Built-in Endpoints and Managed Identity

[Falconwmua]

Two feedback items.

1. Does the Built-In Endpoint support access via Managed Identity/Service Principals like normal Event Hubs?
2. Shouldn't Managed Identity for IoTHub be its on document since it can be used outside a Vnet scenario? Understanding that's required for implementing IoTHub routing to Vnet protected resources.

---

Document Details

⚠ Do not edit this section.

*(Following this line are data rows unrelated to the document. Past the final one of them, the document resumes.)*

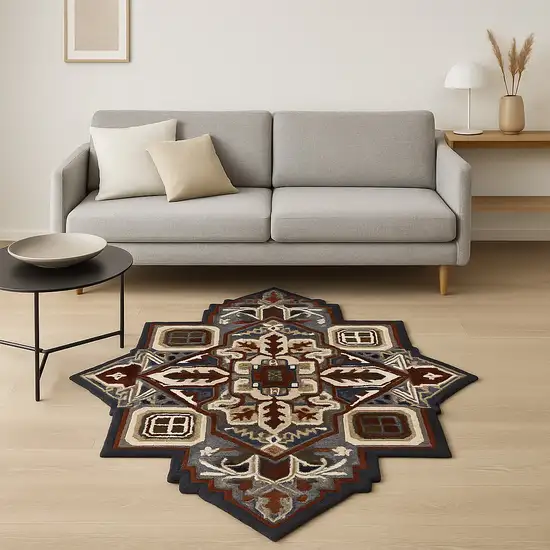 Blue And Red Wool Hand Tufted Area Rug Photo 1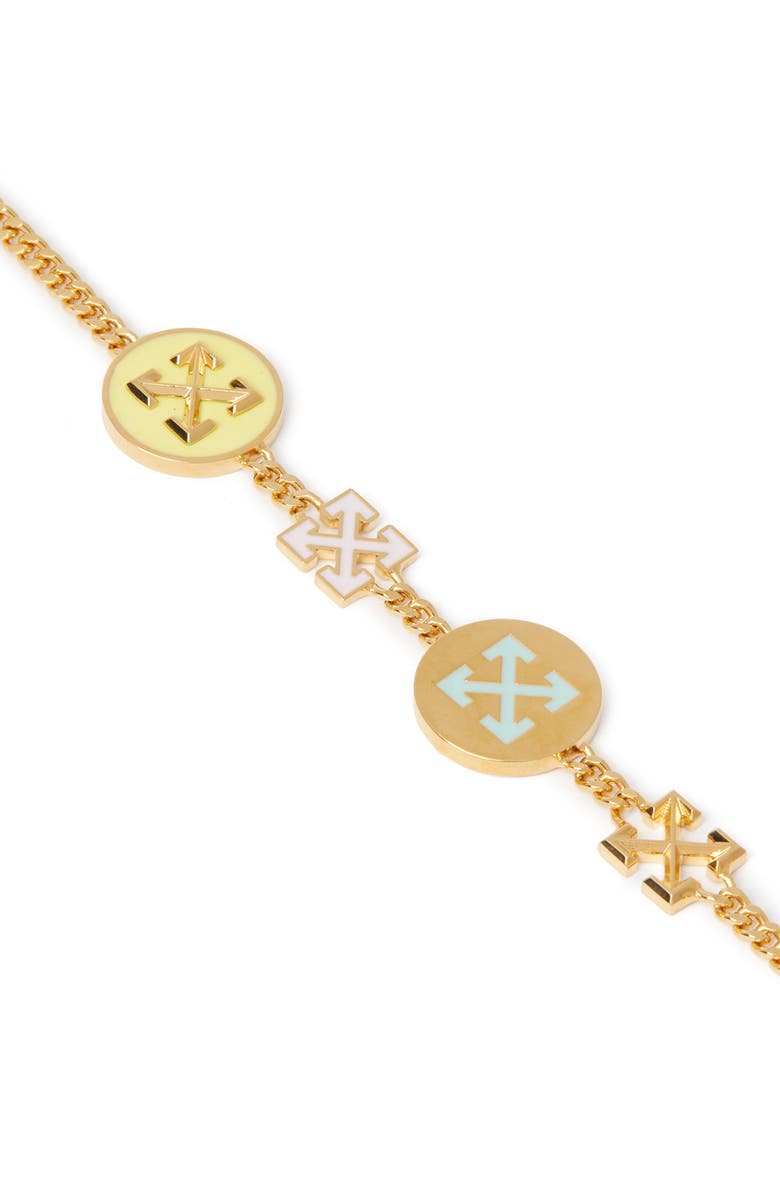 OFF WHITE Women's Gold Arrow Button Bracelet, Alternate, color, Gold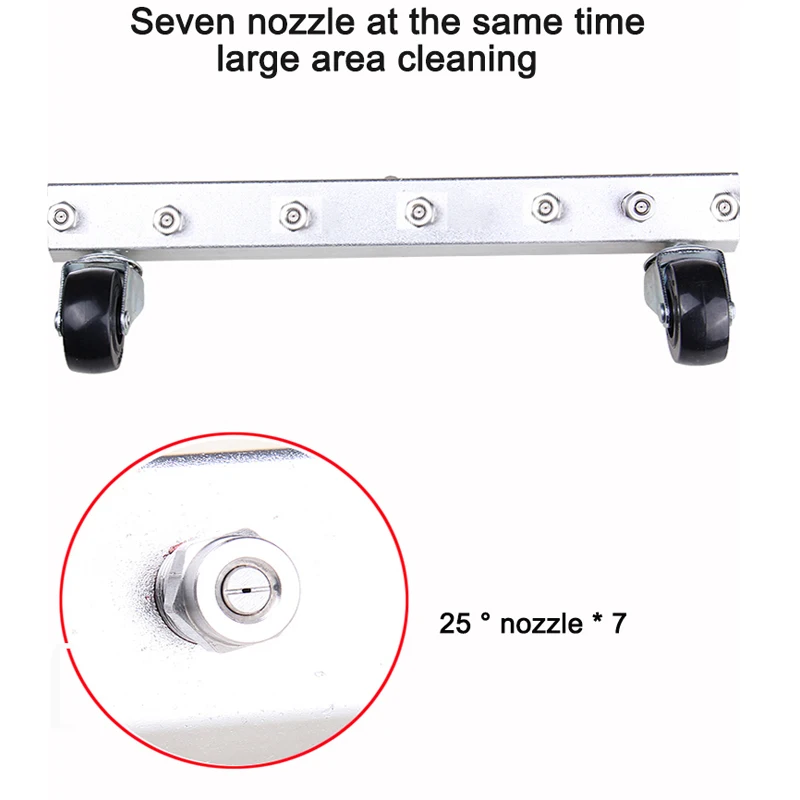 High Pressure Water Gun 53CM 7 Nozzles Chassis Cleaner With Wheels Floor Roads Sanitation Artifact Municipal Cleaning Tool
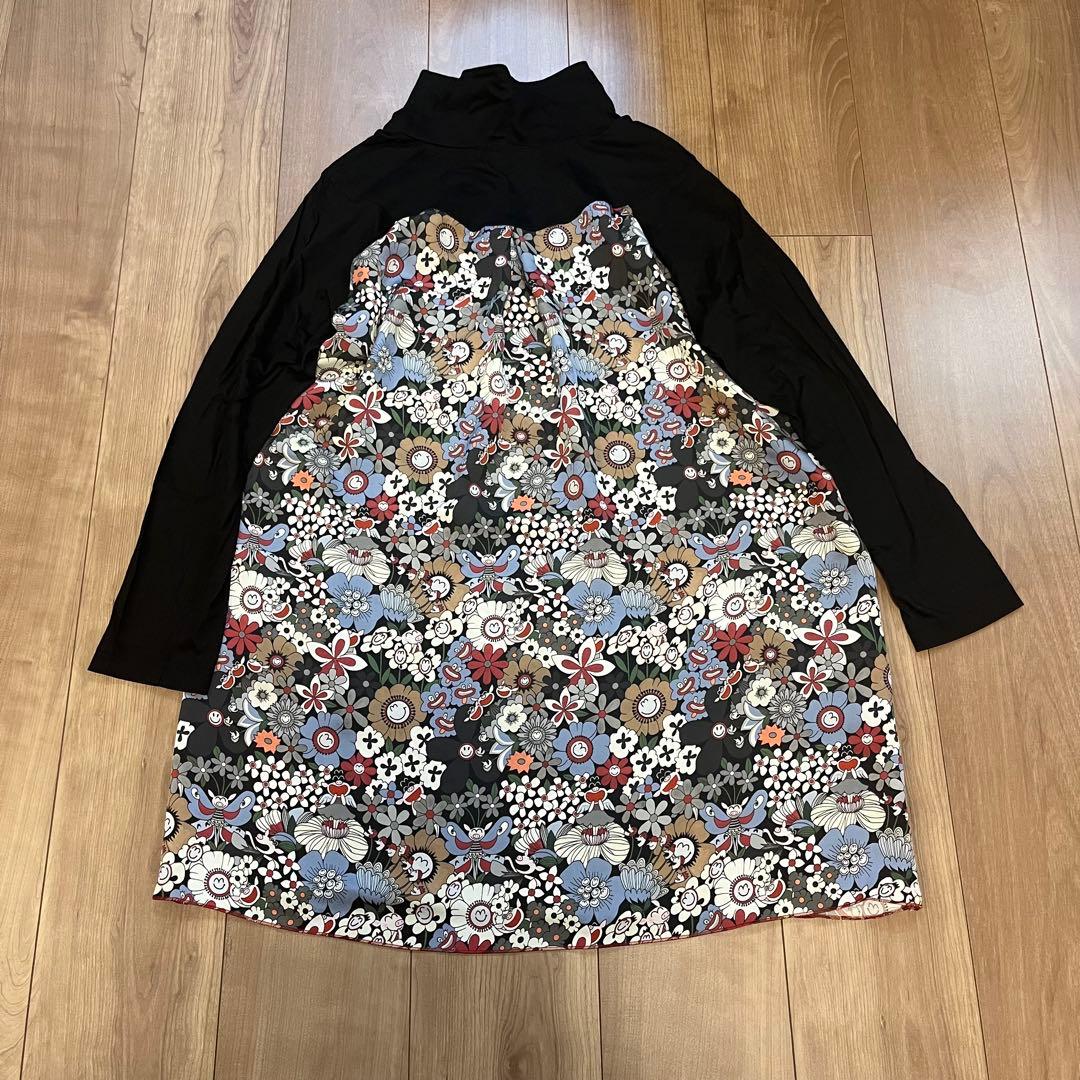 OLLEBOREBLA アルベロベロ　ロングチュニック　花とぶたさんとスマイリー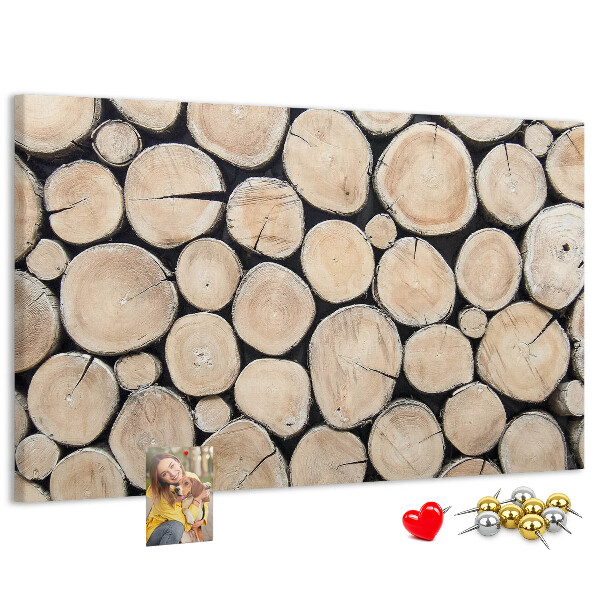 Tableau affichage liège Cercles en bois naturel en arrière-plan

It is required for docs.microsoft.com ➟ GitHub issue linking.

• ID: 514b0c8a-a670-e0d0-17e2-ec977a572dd5
• Version Independent ID: 22df9ffd-cfc7-e9d1-bb0f-a3b48ce58c17
• Content: Azure IoT Hub support for virtual networks
• Content Source: articles/iot-hub/virtual-network-support.md
• Service: iot-fundamentals
• GitHub Login: @jlian
• Microsoft Alias: jlian

[jlian]

1. No, I believe the built in event hub endpoint currently cannot be accessed like a normal Event Hub with managed identity or service principals. Is this something you need?

2. My understanding is that @ash2017 is adding references to our routing docs about managed identities

[Falconwmua]

Yes. It would better align with the various other services we use and keep a consistent authentication model.

[jlian]

Can you describe your scenario a little more? Is IoT Hub's implementation of MSI not enough?

[Falconwmua]

IoT Hub's implementation of MSI is fine for all the scenarios where we send data to other resources. But we also make use of the Built-In Endpoint for pulling data off that doesn't match one of our other rules. Being able to access this endpoint in the same manner as our other Event Hubs would allow us to have a coherent access model throughout our services.

[jlian]

So you're looking to be able to grant the built-in Event Hub's system assigned managed identity some RBAC role to access one of your systems?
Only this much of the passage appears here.